Concernant « Re: hidden composites », Melissa O'Neill écrit :

 > Generally, I've found that AFMs have more metric information than one
 > can extract (easily) from a PFA file, however. However, a quick look

of course

 > at the available information seems to indicate that it might be doable
 > in this case.
 > 
 > You'd need a tool like t1disasm to look at the relevent `seac' entries
 > in the CharStrings dictionary, then if you see:
 > 
 > /<glyphname> {
 >         <sbx> <wx> hsbw
 >         <asb> <adx> <ady> <bchar> <achar> seac
 >         } ND
 > 
 > ...and, if you let:
 >    <accentglyph> = StandardEncoding[<achar>]
 >    <baseglyph>   = StandardEncoding[<bchar>]
 >    <ax>		 = <sbx> + <adx> - <asb>
 >    <ay>		 = <ady>
 > 
 > ... then you could try the following composite character entry in the AFM
 > file:
 > 
 > CC <glyphname> 2 ; PCC <baseglyph> 0 0 ; PCC <accentglyph> <ax> <ay> ; 
 > 

nice explaination, I hadn't recognise these computations!
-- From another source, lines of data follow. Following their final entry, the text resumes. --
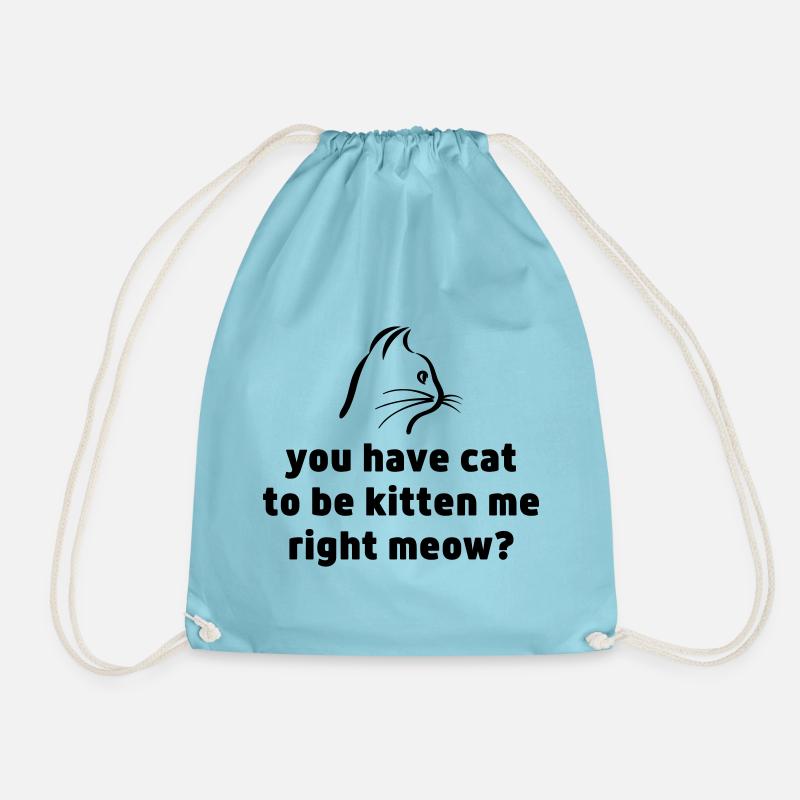 DU HAST EINE KATZE, UM KÄTZCHEN ZU SEIN, DAS ICH RICHTIG MIAUE - Turnbeutel - Aqua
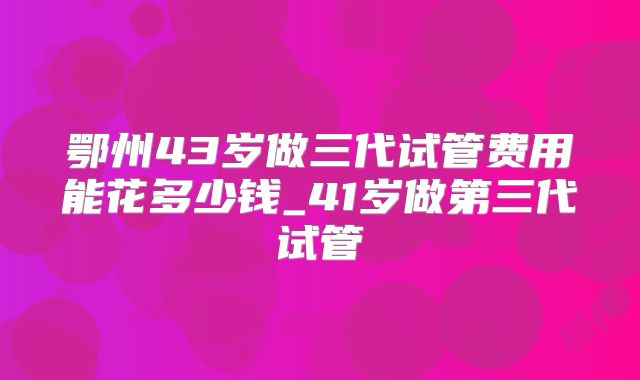 鄂州43岁做三代试管费用能花多少钱_41岁做第三代试管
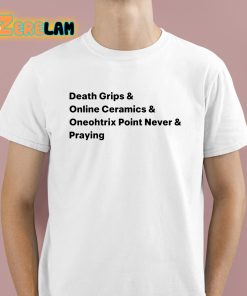 Mira Joyce Death Grips And Online Ceramics And Oneohtrix Point Never And Praying Shirt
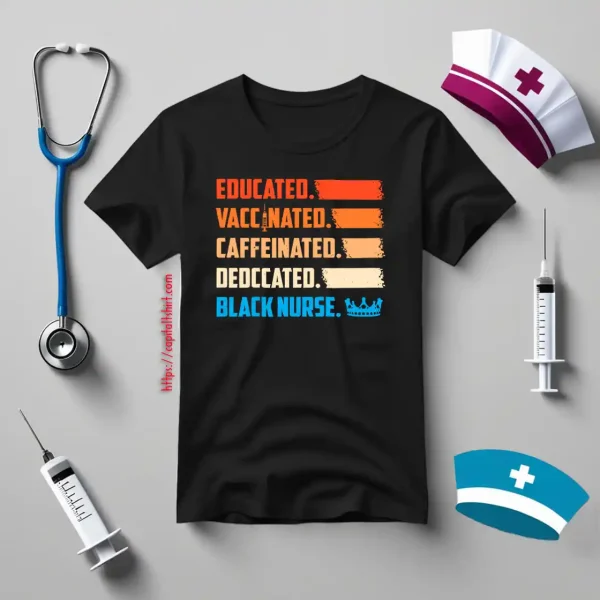 Educated Vaccinated Caffeinated Dedccated Black Nurse Shirt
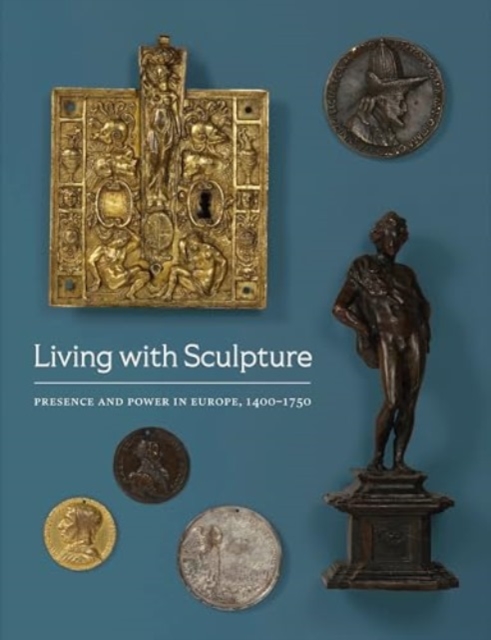 Living with Sculpture : Presence and Power in Europe, 1400-1750, Paperback / softback Book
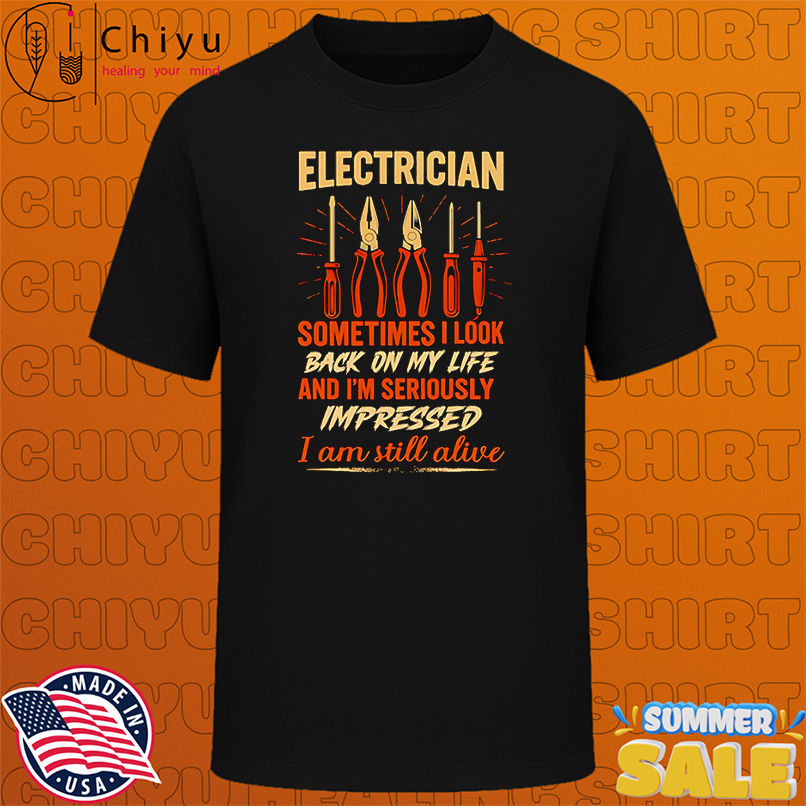 Electrician sometimes I look back on my life and I'm seriously impressed I am still alive shirt, Hoodie, Sweatshirt, Poster Canvas, Mug, Ornaments 1 Electrician sometimes I look back on my life and I'm seriously impressed I am still alive shirt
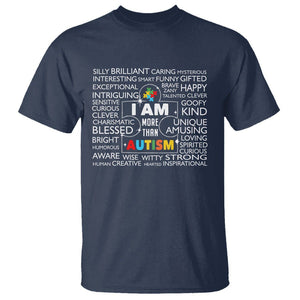 Autism Awareness T Shirt I Am More Than Autism Brilliant Strong Unique Brave Happy Creative TS09 Navy Printyourwear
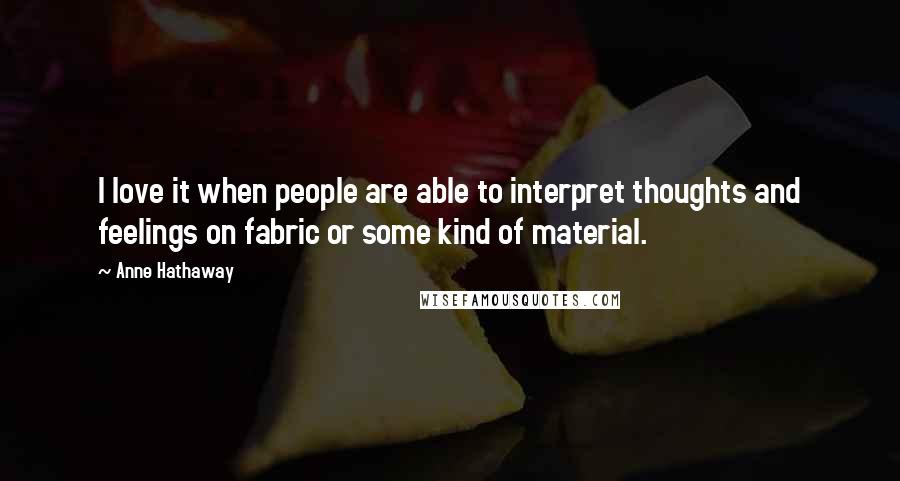 Anne Hathaway Quotes: I love it when people are able to interpret thoughts and feelings on fabric or some kind of material.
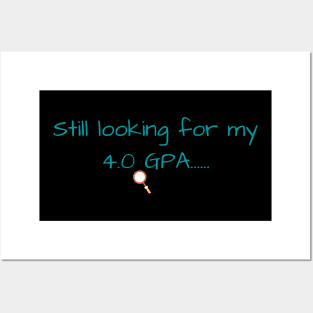 Still Looking for my 4.0 GPA Posters and Art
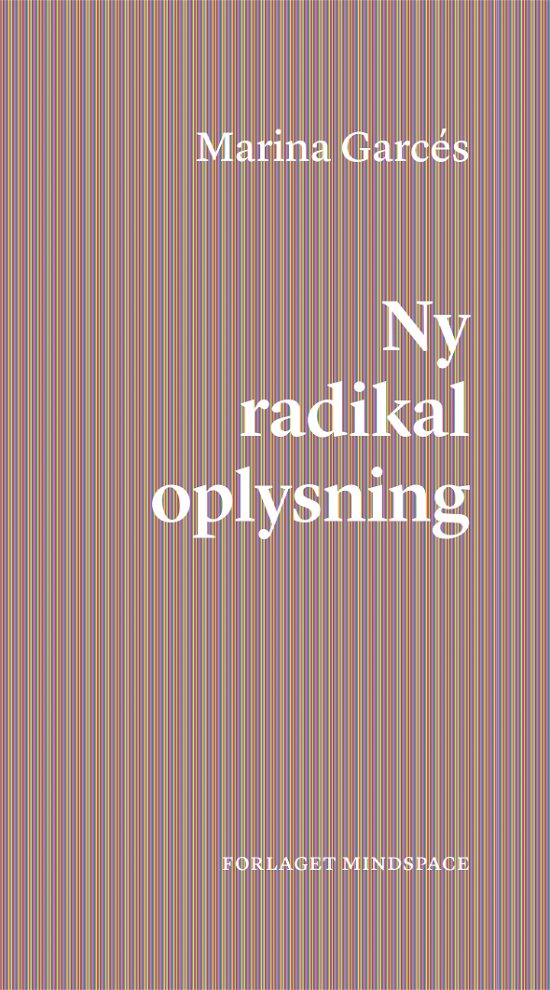 Cover for Marina Garcés · Ny radikal oplysning (Paperback Book) [1st edition] (2024)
 > It shouldn't be too hard to write a perl script to do this all automatically.
 > 

or maybe it's doable in postscript?

 > This formula was derived emperically, by comparing AFM files of fonts
 > I had with their corresponding disassembled CharStrings; I make no claims
 > about its general applicability.
 > 

it seems to be true for adobe 35 standard already.